A poll commissioned by the Betting and Gaming Council (BGC) revealed most Brits oppose the government telling them how much money they can spend on betting. Conducted by the British research and analytics firm YouGov, the survey established that only 27% of Great Britain’s residents favour the imposition of betting limits, while approximately 51% were against it.
These results may pressurise the UK authorities into dropping the proposed restrictions, which may cost the local racing industry £100 million in annual losses. Over 13,000 public submissions on the proposed affordability checks were sent to the UK Gambling Commission (UKGC). The British gambling regulator is presently in the process of assessing the submissions before it decides what to do next.
One of the proposed regulatory changes is to enforce a £100 monthly loss limit on online bettors. Punters whose monthly losses reach this amount will have to undergo obligatory financial verification to establish whether they can support their gambling activities or not. The survey, which involved 1,683 adult participants, determined the vast majority of Brits oppose the introduction of said betting limits.
Around 22% of the survey participants responded they had no opinion on the matter when asked about their views. Many Brits worry the restrictions may force local punters to take their betting action to unregulated operators. Roughly 59% of the respondents believed this would be the case, while 10% expressed the opposite opinion.
A recent report published by the London-based PwC showed the number of wagers made on unregulated betting sites had increased from £1.4 billion to £2.8 billion over the past year. Despite the public opinion, some UK industry insiders spoke in favour of the betting restrictions. Michael Dugher, Chief Executive of the Betting and Gaming Council, said he supports both the betting limits and the affordability verification.
The Limits Might Adversely Affect the UK Horse Racing Industry
According to Mr Dugher, today’s advanced technology allows gambling operators to identify customers who begin to show signs of what he called “markers of harm”. Compulsive bettors and other people who are at risk might benefit from the affordability checks. However, the changes might adversely affect the local horse racing industry, which is heavily reliant on the funds it gets from betting levies, Mr Dugher said.

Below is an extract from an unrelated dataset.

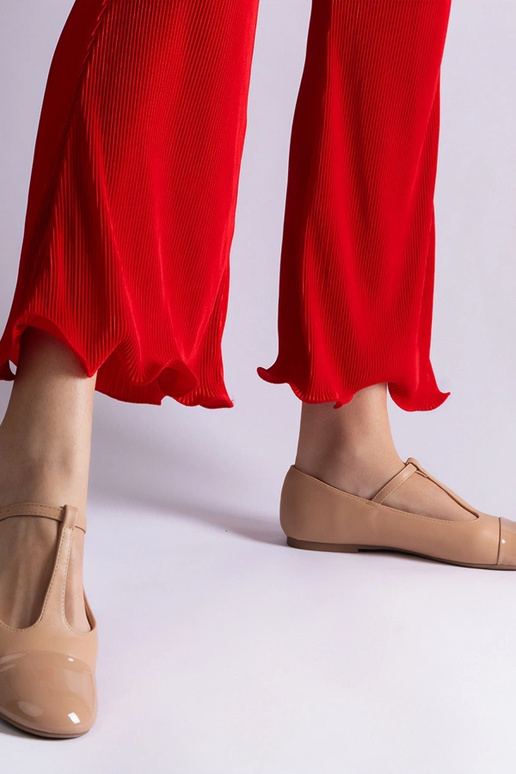 Beige Lackleder-Ballerinas mit...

The BGC tackled the public opinion on betting in an individual study, conducted by the research firm Public First. The study involved twenty focus groups from Northern England and the Midlands. A recurrent theme during the focus group sessions was that many Brits view gambling as a normal social activity.

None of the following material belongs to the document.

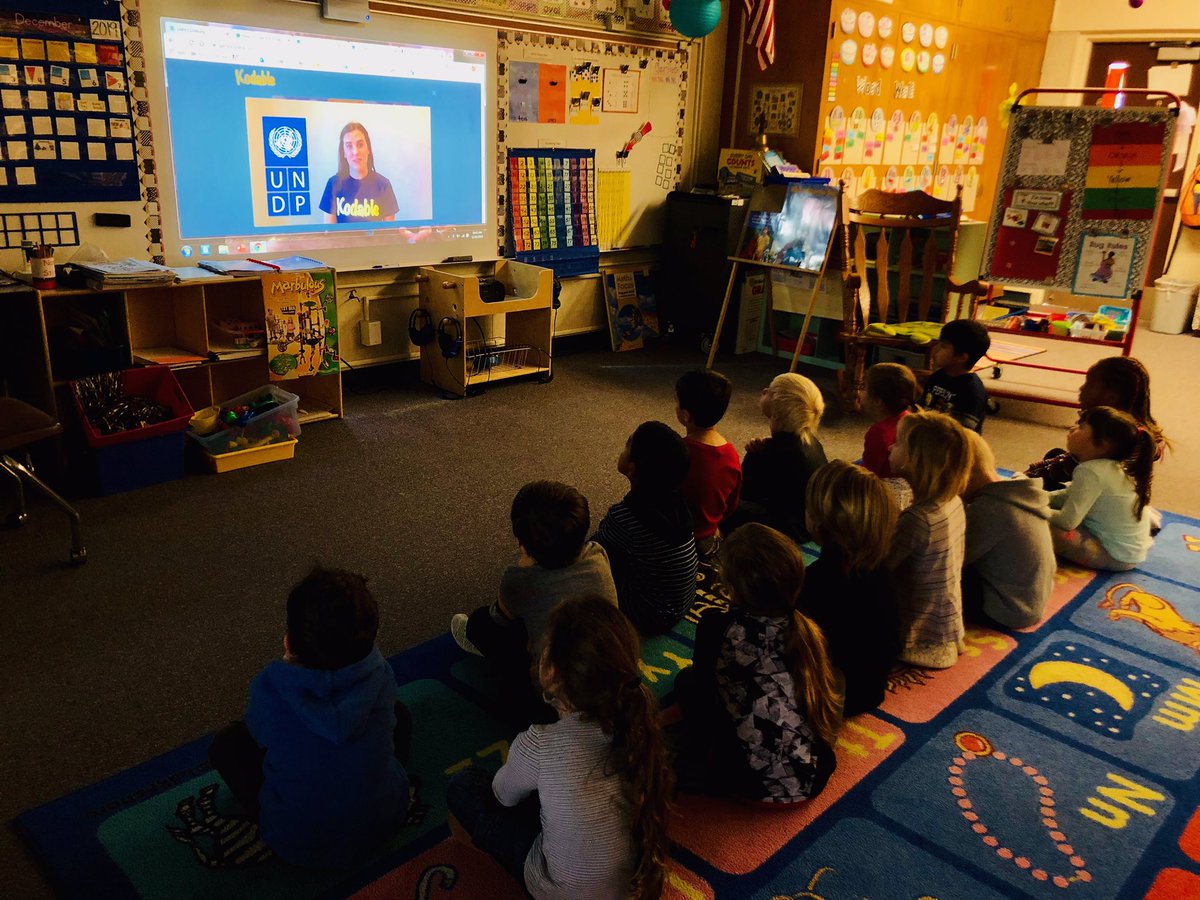 MariposaRUSD's tweet image. Never to young to start coding...Mrs. Comadena’s kinders #thisisRUSD #wearemonarchs #HourOfCode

Now that the Department for Digital, Culture, Media, & Sport (DCMS) is amidst a review of the 2005 UK Gambling Act, many of the focus group respondents expressed fear the government may try to further control peoples’ lives in the wake of the restrictions imposed during the novel coronavirus pandemic.
Mr Dugher thinks the British government must take these findings into consideration and listen to the opinions of the voters from the red-wall constituencies of Northern England and the Midlands. Their votes will be instrumental in determining the outcome of the next election.
Voters from these marginal seats have grown cautious of the government telling them how to live, especially in the wake of the coronavirus pandemic, the BGC Chief Executive said. The BGC fully embraces the review of the British gambling legislation but lawmakers should “get those changes right”, Mr Dugher concluded.